**WHAT THE TASK ASKS**
Each entry that follows should be set down precisely, with its pictures removed.

+++ PROVIDED ENTRIES +++

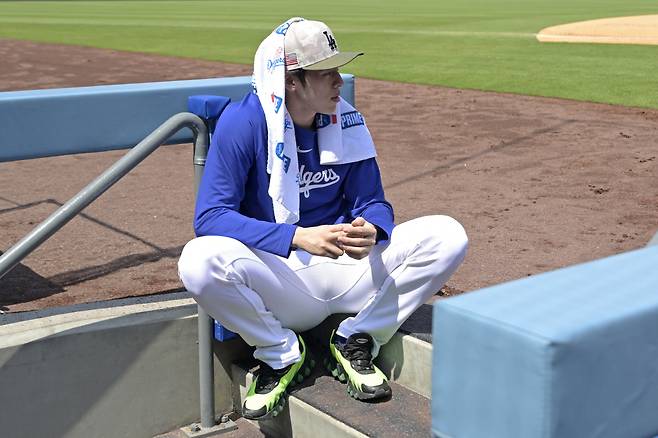 LA 다저스 사사키 로키가 피칭 재활을 중단했다. 오른쪽 어깨 부상이 재발했다는 소식이다. Imagn Images연합뉴스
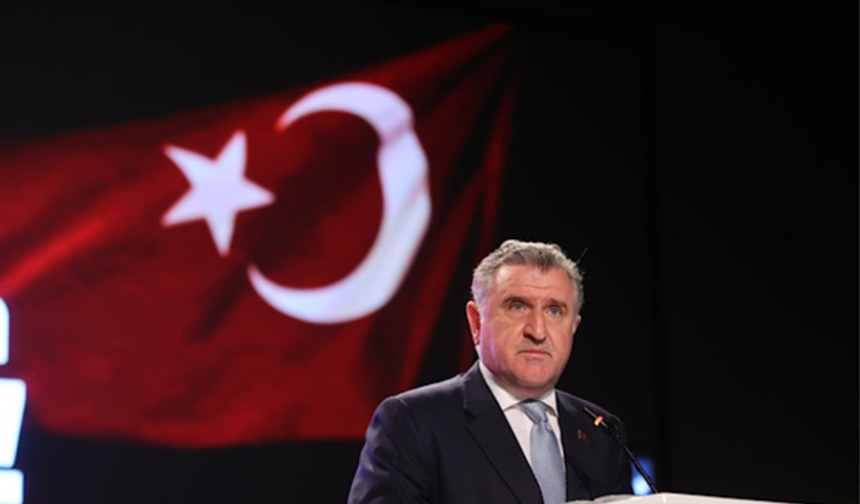 Bakan Bak'tan Potanın Perileri'ne Dünya Kupası öncesi başarı mesajı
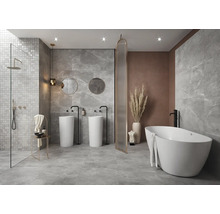 Modernes Badezimmer mit freistehender Badewanne, Waschbecken und grauen Fliesen.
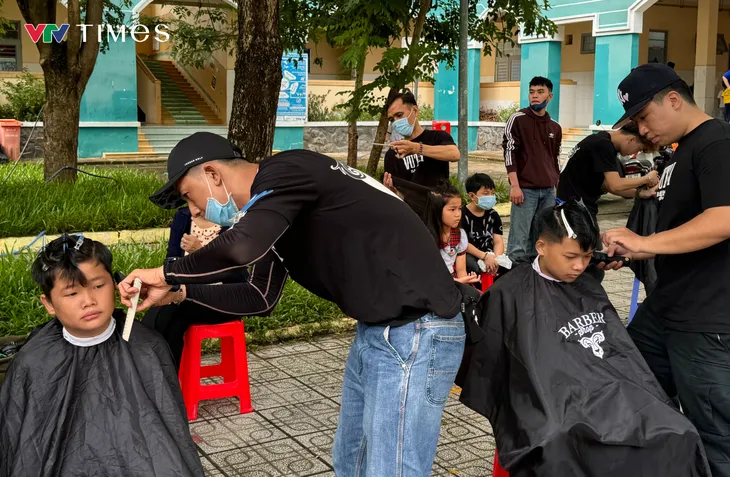 Tuổi trẻ TP Hồ Chí Minh chung tay xây dựng nông thôn mới - Ảnh 2. Tuổi trẻ TP Hồ Chí Minh chung tay xây dựng nông thôn mới - Ảnh 2.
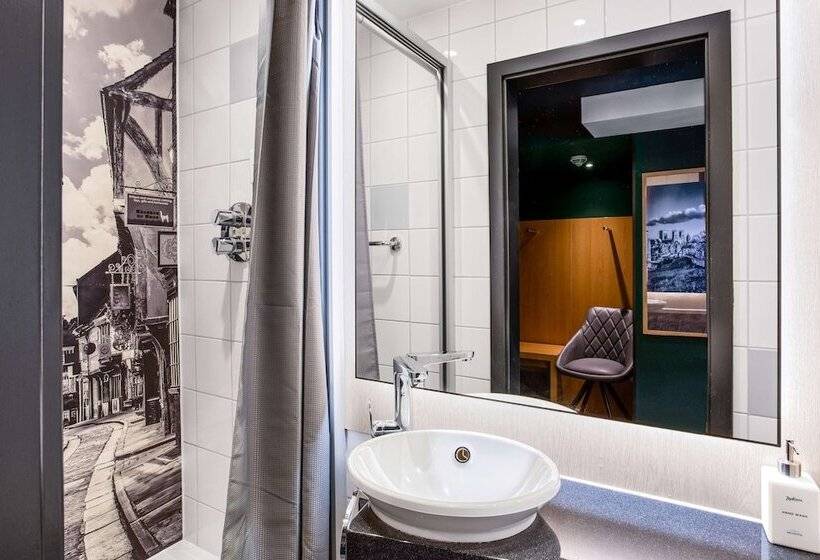 Номер Стандарт, Radisson Hotel York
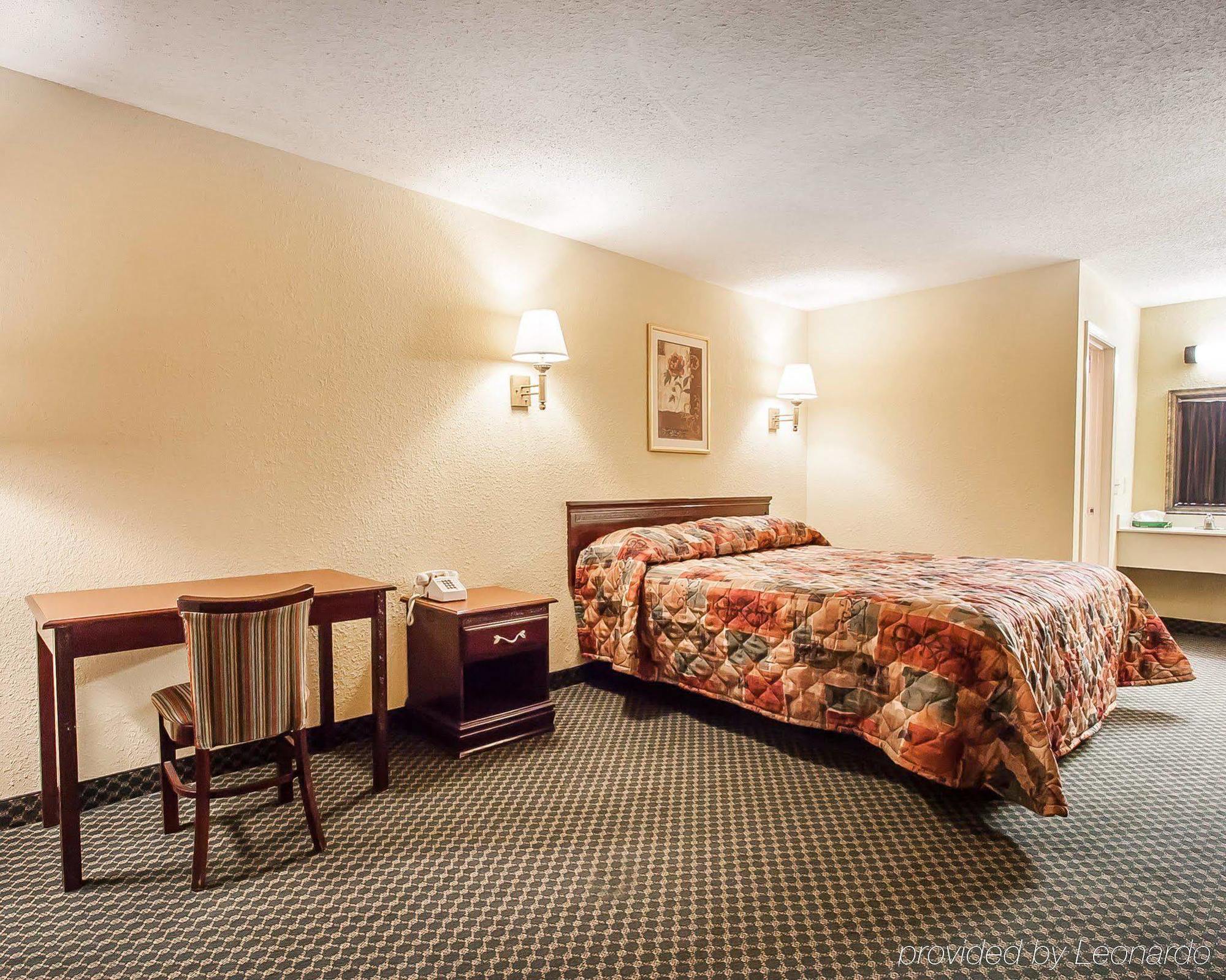 Rodeway Inn Prattville I-65 Экстерьер фото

+++

**ANSWER**
 LA 다저스 사사키 로키가 피칭 재활을 중단했다. 오른쪽 어깨 부상이 재발했다는 소식이다. Imagn Images연합뉴스
 Bakan Bak'tan Potanın Perileri'ne Dünya Kupası öncesi başarı mesajı
 Modernes Badezimmer mit freistehender Badewanne, Waschbecken und grauen Fliesen.
 Tuổi trẻ TP Hồ Chí Minh chung tay xây dựng nông thôn mới - Ảnh 2. Tuổi trẻ TP Hồ Chí Minh chung tay xây dựng nông thôn mới - Ảnh 2.
 Номер Стандарт, Radisson Hotel York
 Rodeway Inn Prattville I-65 Экстерьер фото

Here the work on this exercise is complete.